Virgin Australia plans to commence a three-month inflight internet wifi trial on board a Boeing 737-800 from mid-April after naming Gogo and Optus as its technology partners for the service.
The airline plans to utilise the 2Ku technology from Optus for domestic and New Zealand flights, with Intelsat and SES for its other international flights, Virgin said on Thursday.
The aircraft, VH-YIG, has been fitted with the necessary hardware and some internal testing is being undertaken ahead of the service being opened up to the public.
Virgin has signed up Netflix, Stan and Pandora for streaming content for its wifi service.
While internet wifi and streaming content from its content partners will be free for passengers during the trial, the airline said it would “finalise its business model after considering customer feedback and the results of the testing period”.
“That’s actually part of the feedback that we want to get through the process,” Virgin Australia group executive for airlines John Thomas told reporters in Sydney on Thursday.
“I would imagine that what we will see is there will be something if you want to stream videos, there will be something if you just want to use email, there will be something if you want to do texting.”
“It’s about giving people choice.”
Thomas said there was also consideration of passengers getting internet wifi access for free based on the cabin they were sitting in or their frequent flyer status.
Virgin first announced plans to equip its fleet of Boeing 737-800s, Airbus A330-200s and Boeing 777-300ER fleet with inflight internet wifi in July 2016.
Since that first announcement, Thomas said the airline has been evaluating the potential suppliers of the technology in terms of the proven technology and highest level of reliability.
“Gogo has that track record,” Thomas said, noting Gogo had about 150 737s offering internet wifi with its product.
“If you look at the experience in the US and for all of the carriers around the world that do have connectivity, speed really isn’t the issue, the issue here is reliability.”
“People get very upset if the product isn’t reliable.”
The full rollout of the hardware across the fleet would take about 12 months, Thomas said.
Gogo said in early March about 3,000 commercial aircraft and 4,200 business jets were fitted with its internet connectivity technology.

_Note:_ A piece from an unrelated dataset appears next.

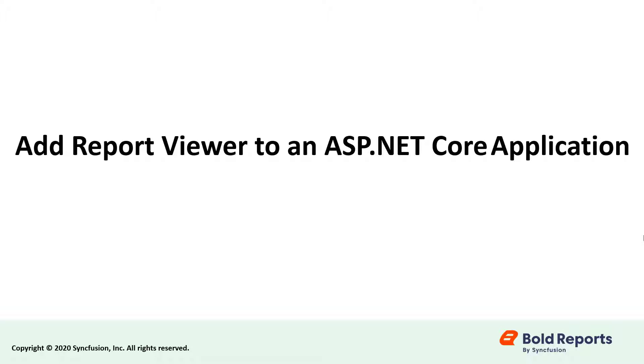Hello everyone. Welcome to this video on adding the Report Viewer component in an ASP.NET Core application. In this video, we will see how to create an ASP.NET Core reporting web application to display an SSRS RDL report using the Bold Reports ASP.NET Core report viewer.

Further, about 130 of the 3,000 commercial aircraft had Gogo’s 2Ku technology that leverages its global satellite network.
“2Ku delivers a ground-like performance to aircraft flying around the world today, including the ability to stream video,” Gogo chief executive Michael Small said in a statement.

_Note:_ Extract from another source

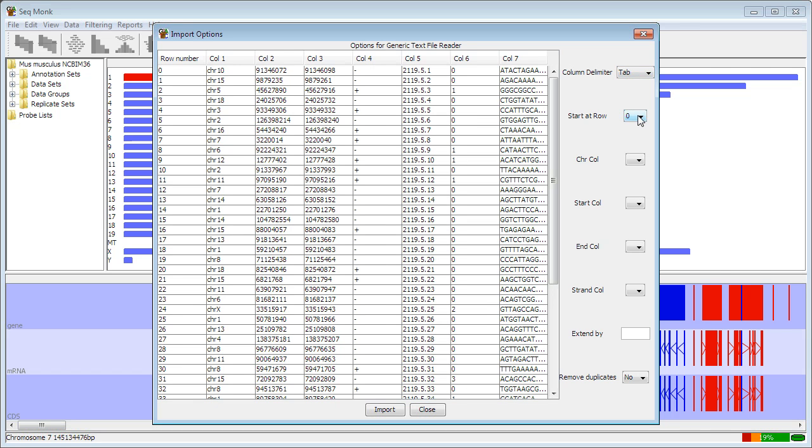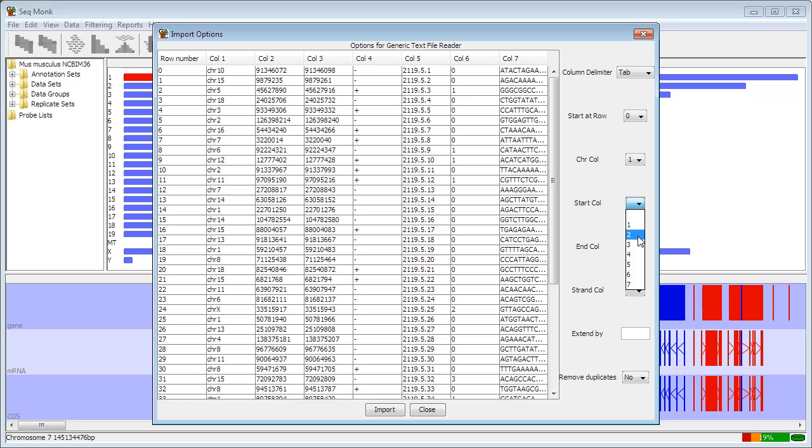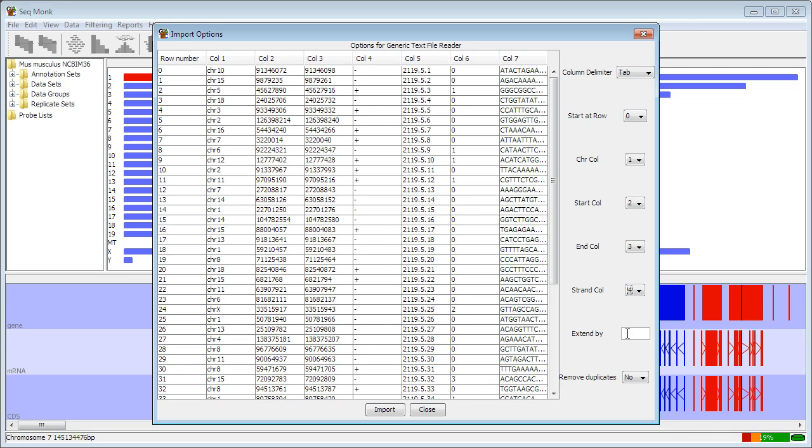The second one allows me to exclude any header at the top. In this case I don't have a header so I don't need to. And then the next columns ask where particular pieces of information are located. So my chromosome information is in column one, my start is in column two, my end is in column three, and that's all I actually need to supply. But I also have strand information here which is in column four.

“Importantly, 2Ku is built on an open architecture and can leverage new technology advancements in the future, which means the technology can provide passengers with a superior connectivity experience now and in the future.”

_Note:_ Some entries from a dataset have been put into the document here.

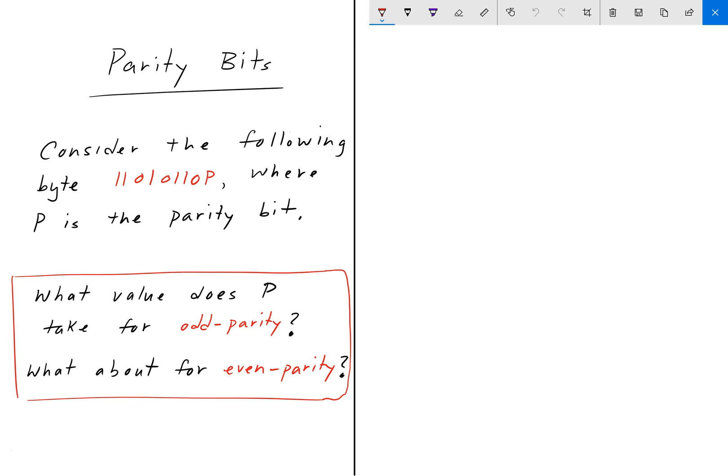Welcome back to Engineering Education. In this video we are going to explore parity bits. Consider the following byte: 1 1 0 1 0 1 1 0 P, where P is the parity bit. A bit takes the value either 0 or 1, and we want to find the value of P for odd parity and for even parity. Pause the video and give it a shot.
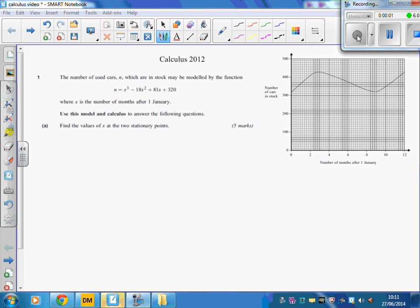Calculus 2012 question number one. The question is about the number of cars in stock, and you're given the model — the function and equation — and also the graph on the data sheet that you need to refer to. Part A is asking us to find the two values of x at the stationary points. The stationary points are the maximum and minimum points on the graph, and this is when the gradient is zero.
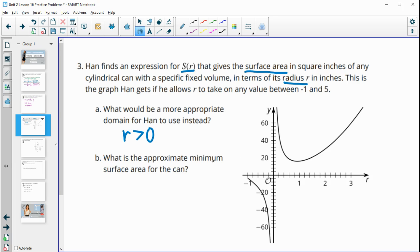For an approximate minimum surface area, we look for the low point on the graph and read across to the surface area axis. There are five dashes making up 20 units, so each dash is worth four. The approximate minimum surface area is around 16 square inches.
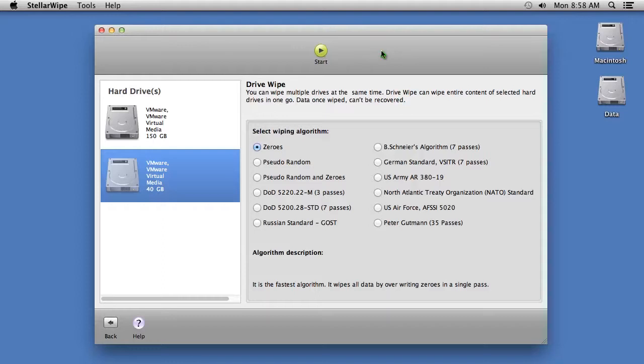Just keep in mind, once you select to wipe your hard drive, your data will be deleted forever.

Optus Satellite Vice President, Paul Sheridan, said: “We welcome the opportunity to provide dedicated satellite capacity to support Virgin Australia and Gogo in the delivery of a premier in-flight customer experience.”
Virgin is among the three major carriers in Oceania preparing to offer inflight internet wifi.
Air New Zealand announced in October its international and domestic jet fleet would be progressively equipped with wi-fi from 2017 utilising the Inmarsat new global GX satellite constellation. Trials were scheduled for the second half of 2017 on a new Airbus A321neo and refitted Boeing 777-300ER.
Meanwhile, Qantas recently delayed the start of its internet wifi service, provided by ViaSat’s global satellite network and the National Broadband Network’s Sky Muster satellites on the Ka band, due to what the airline said were “stability issues”.